> If you really want a reference frame to compare to, you can use the one you started in before leaving.
Nah, the analogy is fine there -- you "wake up" in a new reference frame, and weren't able to make any measurements to compare it to your old one. Whether you can measure your motion against the old reference frame starting from this situation is actually the question!
Oh, that's not what I meant. I meant use the reference frame from when you first woke up. But I'll make a more detailed scenario:
* Wake up in the void. Label your current reference frame R0.
* Notice that there is no real way to label 'speed' vs. void.
* We can however measure angular speed via tension on body parts, it seems to be 0.
* Accelerate somehow
* * for some magical reason it's forbidden to have more than one object, so I thought up a couple minimally-magic ways to do it that I am pretty sure don't cause physics problems by themselves.
* * * You could throw something then immediately pretend the thing you threw doesn't exist, forbidding it as a reference frame.
* * * You could make a punching motion and use magic to cause your arm to disappear.
* * * You could swing all your limbs away from your body and use magic to reverse the direction of one of them.
* Now you are in reference frame R1 because you accelerated.
* Hooray you accelerated without any other objects to compare to. If you insist on comparing to a reference frame, use R0.
>* * * You could swing all your limbs away from your body and use magic to reverse the direction of one of them.
No you can't, this leads to the twin paradox.
Assume you could use magic to simply reverse the direction of an object. Take two clocks, and have one travel away from you at relativistic speeds, then turn around and come back. Because of time dilation, when the clock returns, it will have observed less time pass then you, because it was moving at relativistic speeds. However, from the clocks perspective, you were moving at relativistic speeds, so you will have observed less time pass. The resolution to this paradox involves the fact that the clock was accelerated in order to turn around.
An interesting side point is that in the hypothetical void, you actually have no way of knowing weather or not you are accelerating.
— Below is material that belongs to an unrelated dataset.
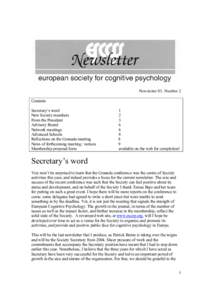Newsletter 03. Number 2 Contents Secretary’s word New Society members From the President Advisory Board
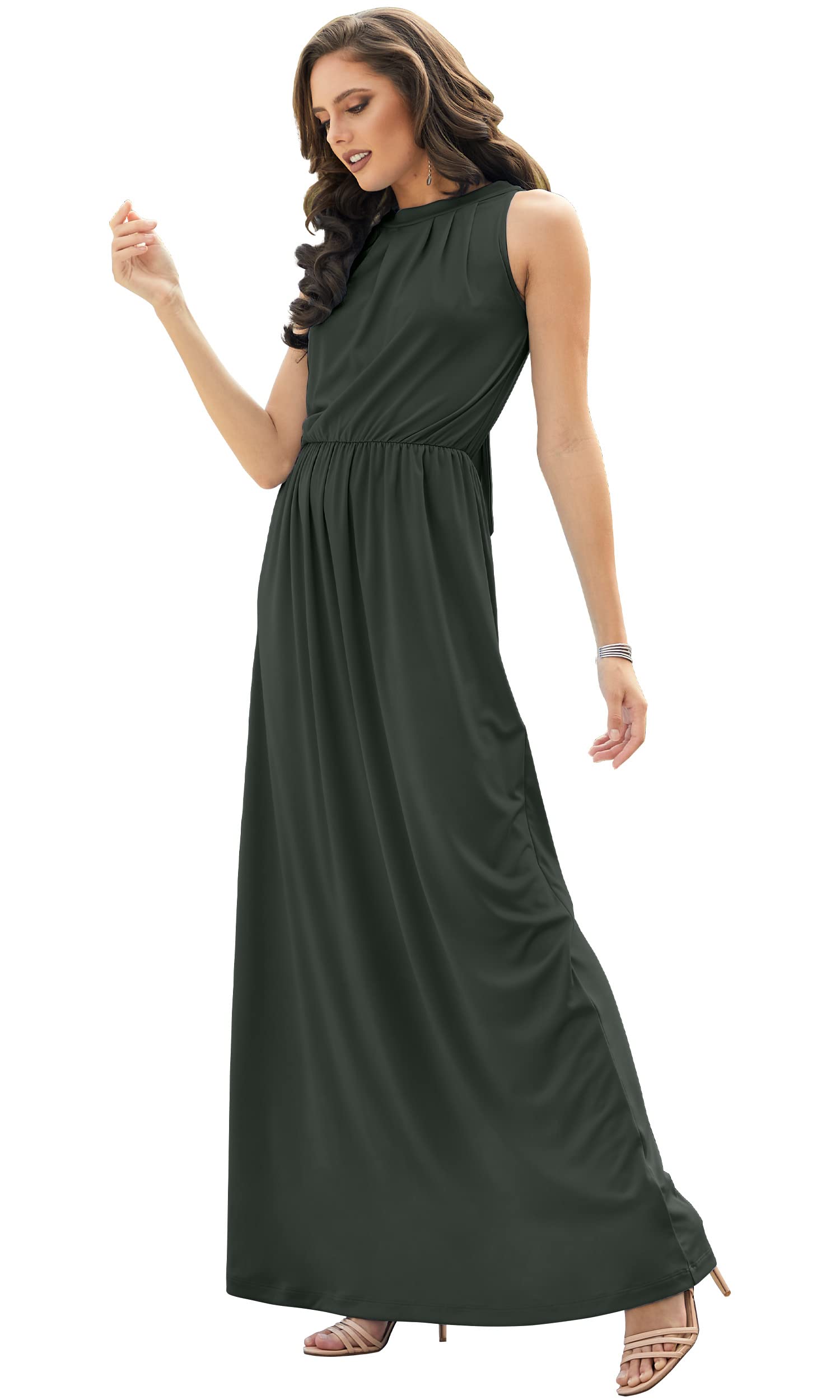 KOH KOH Womens Long Sleeveless Halter Bridesmaid Wedding Guest Maxi Dress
For example, the space station is currently in free fall towards the earth, but from within the station you cannot detect this fact. Similarly, if you are in a plane that is descending at the rate of gravity, you will appear to be in zero-g. The mathematics behinds this is considerably more difficult than special relativity.
You're talking about accelerating. The original passage was just talking about simple constant motion. The point being that you can't distinguish constant motion from remaining perfectly still without something else to measure against. That's really all I was trying to say. Obviously I failed!
To move, you have to move to or away from ... well, from what? You'd have to say that you don't even get to use a word like "move" when you are the only body in that void.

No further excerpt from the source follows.